# France and Italy in 16 days



## chickann (Sep 17, 2010)

Our 1st time abroad in Morris, thank you 1st to everyone on the site who helped me prepare myself for what lied ahead. I will admit this was the 1st holiday ever that i was not looking forward to and really did not want to go the nearer our departure date got.
I had worked myself up so much fearing being gassed, getting broken into, shot or kidnaped, lost, not finding somewhere to park, running out of food and water and out of all that, all that happened was we ran out of money (there was just so much food and alcohol in Super U that i kept stocking up on). 

My daughters found it highly amusing and said that i must be the only person that takes a french stick to france and packets of pasta to Italy (better safe than sorry i told them).

We drove from Essex to Folkstone half hour later we were in Calais arriving at 1.00am we drove for about an hour and found a quiet road, pulled over and settled down for the night. unfortunately it was not quiet and i though we were going to tip over when the lorries started to thunder past so i shouted (and smacked him in the face) to hubby, are you awake, which he was (the noise must have woke him up too).
so in our pj's we set off again and found a little village and got to sleep about 4.00am. woke up feeling like crap and though i want to go home, so glad we didn't as it was a lovely sunny day and off we drove. we had a map and a sat nav, we didn't plan to stay anywhere in particular but just headed down to Italy, by chance we found municipals, not sure what we had to do, but used my very limited French, found a pitch and your done, left our pitch filled up with water, drove past a pitch where someone had driven off and left their table and chairs folded up neatly on the floor (mum we have the same set as that don't we) oops.

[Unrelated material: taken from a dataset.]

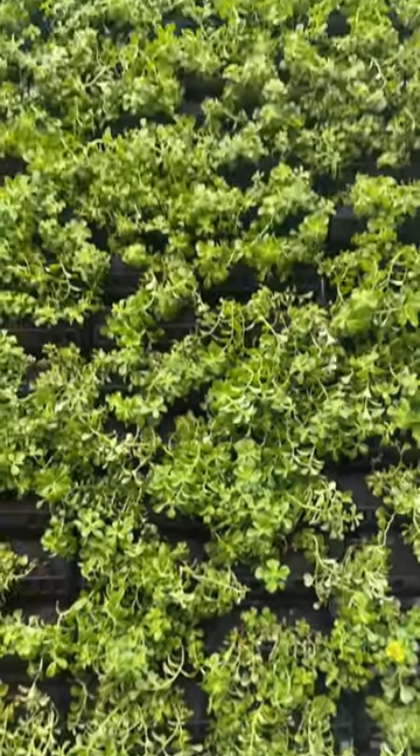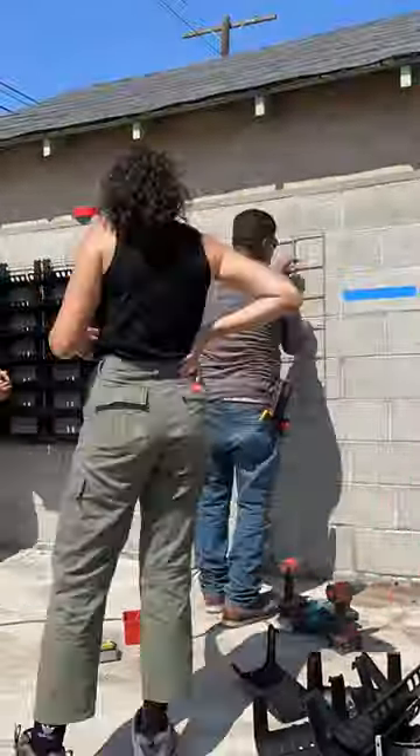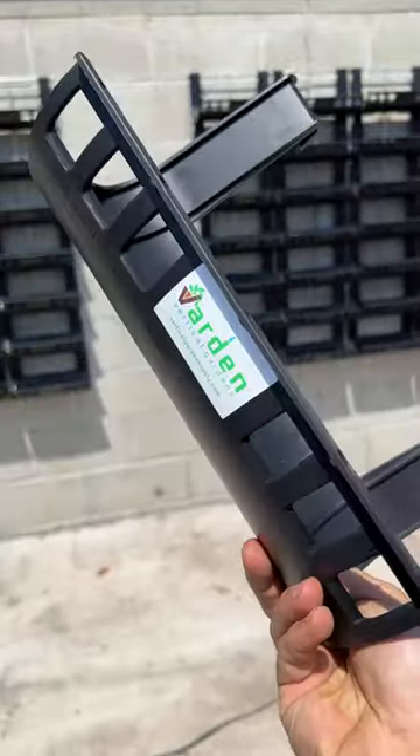Here's how we built the living walls on Instant Dream Home. For episodes 2 and 6, we constructed two unique green walls with a system from Vertical Garden Supply. The first step is to secure a wire frame to the side of the house, and then you attach these grow baskets.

Note to self not to place stuff under the motorhome. found plenty of campsites on route and lots of Super U's. we used a couple of autoroutes but most of the time i looked on my map and made hubby turn off whenever i found a lake or river.
Took advise off this site and headed for Chamonix, found a campsite at the bottom on Mont Blanc, absolutely glorious, did the cable car to the top and went inside the glacier, then through the tunnel and 3 hours later was sitting on Lake Orta drinking my bargain's from Super U and eating my pizza that i bought in France, much to the amusement of the kids (was only planning on staying a couple of night but that turned into 5 as the location was fab).

There are no words to describe Italy but every time i think of it i get butterfly's in my tummy (could be wind though). Onto Lake Maggiore, more commercialised but still nice.
would love to have gone on a boat to Switzerland but got out voted and Milan it was.

Got a train to Milan as my daughter really really wanted to go there, walked from the station to the Galleria Vittorio Emmanuel II. shopping centre, where she decided to throw up 5 times, 1st time splashing the legs of passing shoppers, (one lady must have been blind and walked straight through it in flip flops), then luckily finding bins to push her head into and just when we though it was all over she did it in the most upmarket shopping centre ever, apart from that the Duomo di Milano is wonderful.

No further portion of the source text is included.